GAP 1: bootstrap-authoritative.yml doesn’t enable DHCP #

Runbook says: make bootstrap-auth enables DNS/DHCP/gateway on the builder.

Reality: The playbook calls include_role: bootstrap without overriding bootstrap_tftp_backend or bootstrap_dnsmasq_dhcp_enabled. Inventory has both set to their production values (tftpd / false), so running the playbook installs standalone tftpd with DHCP off.

The playbook enables IP forwarding and masquerading but never actually starts dnsmasq or enables DHCP. The procedure is non-functional.

Fix: The playbook needs to pass bootstrap_tftp_backend: dnsmasq, bootstrap_dnsmasq_dhcp_enabled: true, and bootstrap_dnsmasq_service_enabled: true as vars to the role include.

GAP 2: No IP reconfiguration during transition β€” RESOLVED #

Runbook says: “Reconfigure builder IP β€” Move the builder from the gateway IP to its reserved IP” (promote) and the reverse for revert.

Fix (2026-03-26): Both playbooks now swap the management interface IP as the final step using NetworkManager (nmcli). The swap uses async/poll: 0 (fire-and-forget) because changing the IP drops the SSH connection. All configuration work completes first while connectivity is stable. The playbooks also handle the default gateway: removed in bootstrap mode (builder IS the gateway), restored in production mode (core router is the gateway). An idempotency check skips the swap if the target IP is already configured.
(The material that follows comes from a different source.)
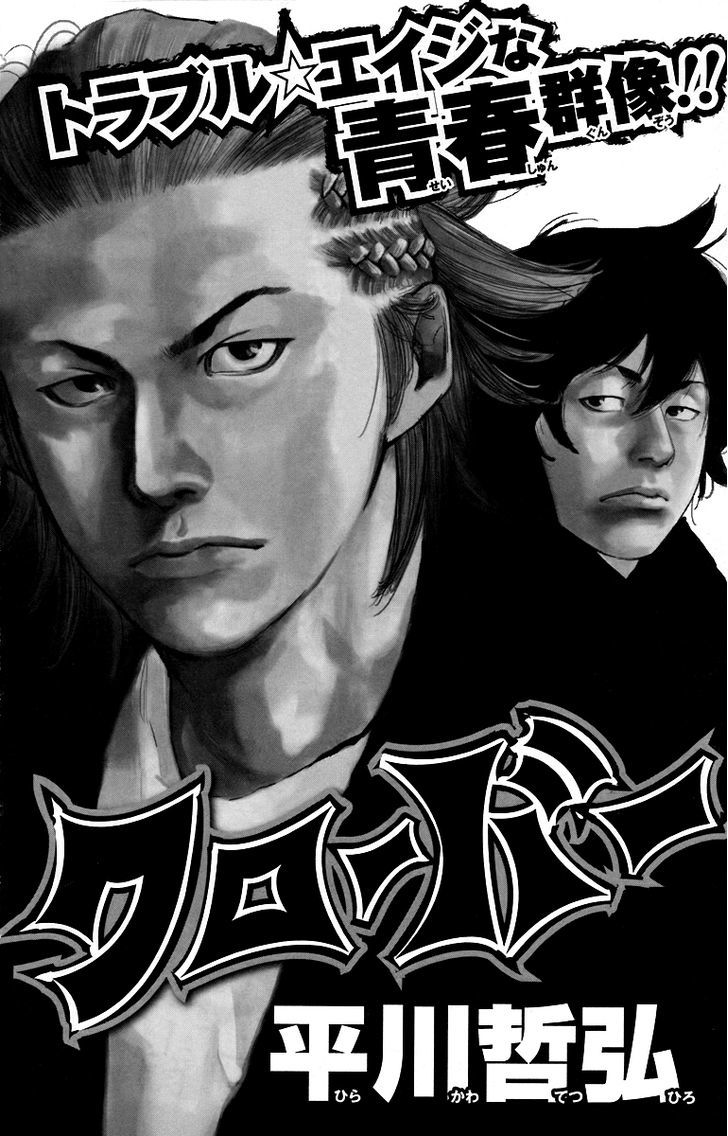 Crows Zero Ii: Suzuran X Houen Chapter 4 #44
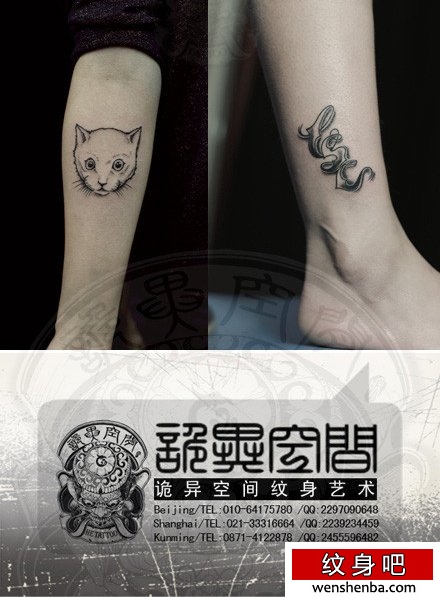 猫咪纹身图案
GAP 3: No DNS host records in bootstrap dnsmasq β€” RESOLVED #

Runbook/architecture says: In bootstrap mode, the builder holds all dvntm.deevnet.net DNS records locally.
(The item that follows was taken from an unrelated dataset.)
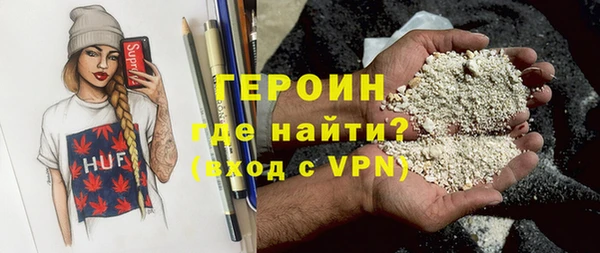 скорость Абдулино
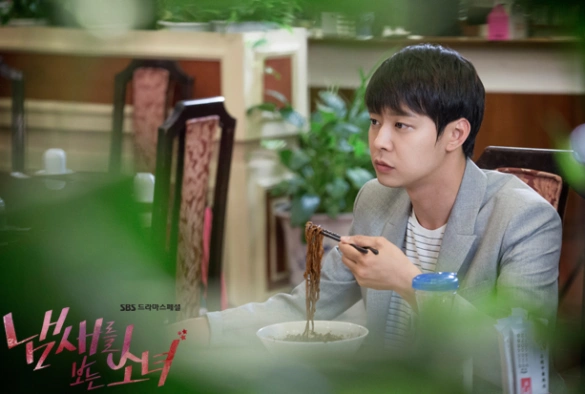 Кадр из дорамы Девушка, которая видит запахи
Fix (2026-03-26): Added gather_hosts.yml task to the bootstrap role that builds DNS A records and CNAME records from inventory (same data patterns as the opnsense_dns role). The dnsmasq.conf.j2 template now renders address= lines for host records and cname= lines for aliases. All hosts with host_a_record: true are included regardless of segment.


High-Severity Gaps #

GAP 4: DHCP gateway points to reserved IP #

Runbook says: In bootstrap mode, the builder IS the gateway.
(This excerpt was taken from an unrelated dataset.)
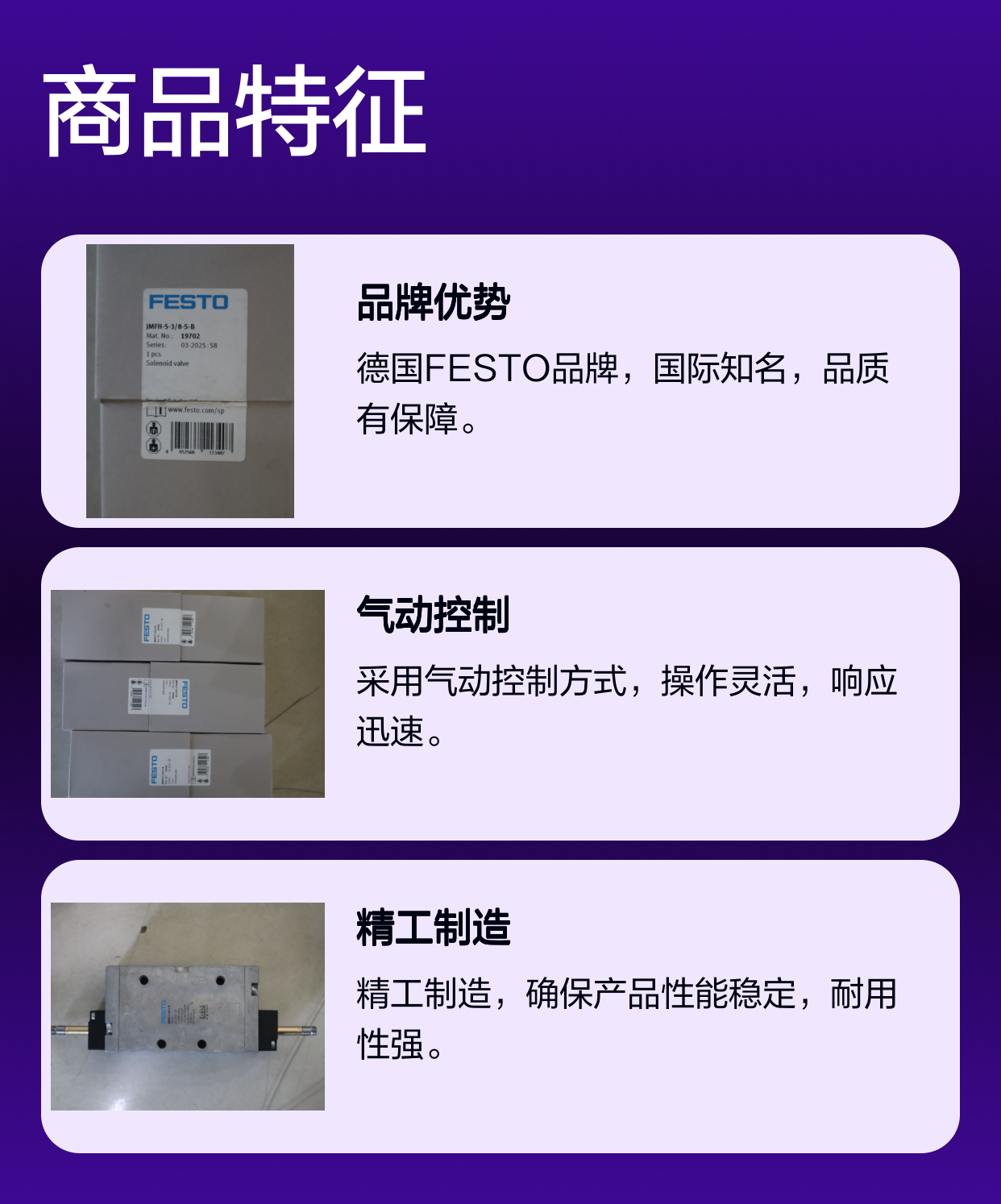 JMFH-5-3/8-S-B 19702 德国FESTO费斯托气动阀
Inventory has: bootstrap_dhcp_gateway: "10.20.99.95" β€” the reserved (production) IP. Should be 10.20.99.1 in bootstrap mode.

DHCP clients would receive the wrong gateway. This is related to Gap 2 (the IP never changes), but even if the IP were swapped, this variable would need to change too.

GAP 5: No DHCP static reservations in dnsmasq β€” RESOLVED #

Runbook says: Builder carries DHCP configuration with static reservations for every host MAC.

Fix (2026-03-26): The gather_hosts.yml task also builds DHCP static reservations from inventory, filtered to management segment hosts with dhcp_reservation: true (same data patterns as the opnsense_dhcp role). The dnsmasq.conf.j2 template now renders dhcp-host= entries for each reservation.


Medium-Severity Gaps #

GAP 6: Single-VLAN bootstrap vs. multi-VLAN 10-space β€” RESOLVED #

The segmented model has 9+ VLANs. The bootstrap playbook assumes a single flat management segment β€” dnsmasq serves DHCP on one interface for one subnet.

Decision (2026-03-26): Bootstrap mode is management-VLAN-only (10.20.99.0/24). The builder provides DNS/DHCP/gateway for the management segment only β€” enough to PXE-boot the core router and any management-plane hosts. Once OPNsense is online, it takes authority for all VLANs. Other segments (trusted, storage, IoT, etc.) are created by the OPNsense and switch playbooks after the core router exists.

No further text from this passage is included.